In response to drought conditions in parts of northern Taiwan,government officials have imposed water rationing. There is also considerable discussion about "cloud seeding," dispersing chemicals into the atmosphere to induce more rain. However, this sort of pie-in-the-sky approach will do little to cope with long-term water-supply problems.
Even if the coming monsoon season brings some relief, water shortages will continue to plague Taiwan. One of the basic problems is that water is being treated differently to other resources by not allowing market prices determine its usage. For example, water use is distorted by the application of subsidies for some agricultural and industrial users.
Providing zero or low-priced water has led to the predictable consequences of wasteful use and inefficient provision. Commodities priced below market values will always be used excessively.
Some of these problems might be helped if the administration of water provision were consolidated. However, more important than reforming bureaucracies or focusing upon dams and reservoirs to resolve future water needs, there is a need for a complete change in approach.
A good place to start might be to think about garbage. Despite the distasteful image, the point is that governments have discovered that the incentives that exist in the private sector can solve many problems. For example, private collection of rubbish and waste disposal has a good record in reducing costs and increasing efficiency. Many people are uncomfortable with the notion of privatization. However, citizens should examine the motives of those who are most vocal in opposing such steps. Directors, employees and suppliers of state-owned water enterprises are likely to block privatization because their personal interests are being threatened.
For others who would protest putting water provision into private hands, they might find it less offensive to think of the process as depoliticizing decisions concerning water provision and distribution. In all events, what is needed is a new set of incentives to encourage greater efficiency in both the production and use of water.
In sum, public-sector provision of water tends to be under-funded and inefficient. Over-extraction and misuse cause environmental problems because of weak or inappropriate pricing mechanisms.
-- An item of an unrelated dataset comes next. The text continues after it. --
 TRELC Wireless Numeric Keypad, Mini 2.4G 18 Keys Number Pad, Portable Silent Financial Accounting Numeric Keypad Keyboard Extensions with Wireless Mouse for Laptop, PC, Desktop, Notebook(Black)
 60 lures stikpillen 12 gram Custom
It might come as a surprise that most of the benefits from water provided by governments do not go to the poor. In developing economies, the poor seldom have access to water mains or sewerage.
The bulk of the global public subsidies for water provision, worth between US$30 billion and US$40 billion, are received by the agricultural sector. Yet in rich economies it is the relatively well-off farmers and corporate farms that gain most from access to subsidized water. Privatization can work if prices are allowed to provide the means to discover the real value of water to a given community. There are a variety of approaches to "full-cost pricing" that might also include a form of "peak-load" pricing. When markets create valuations, it becomes apparent whether inadequate supplies result from scarcity or mismanagement by public-sector officials.
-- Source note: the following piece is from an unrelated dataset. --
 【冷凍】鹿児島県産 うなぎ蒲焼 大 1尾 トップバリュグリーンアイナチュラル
Privatization not only raises funds for governments, it also helps eliminate inefficiency. This is because state-owned enterprises are often a drag on the economy and they open opportunities for corruption. By contrast, the profit motive would induce private water firms to be diligent in collecting bills, reducing leakages or thefts and upgrading infrastructure. Traditional methods of rainwater harvesting also offer a low cost method for replenishing water supplies.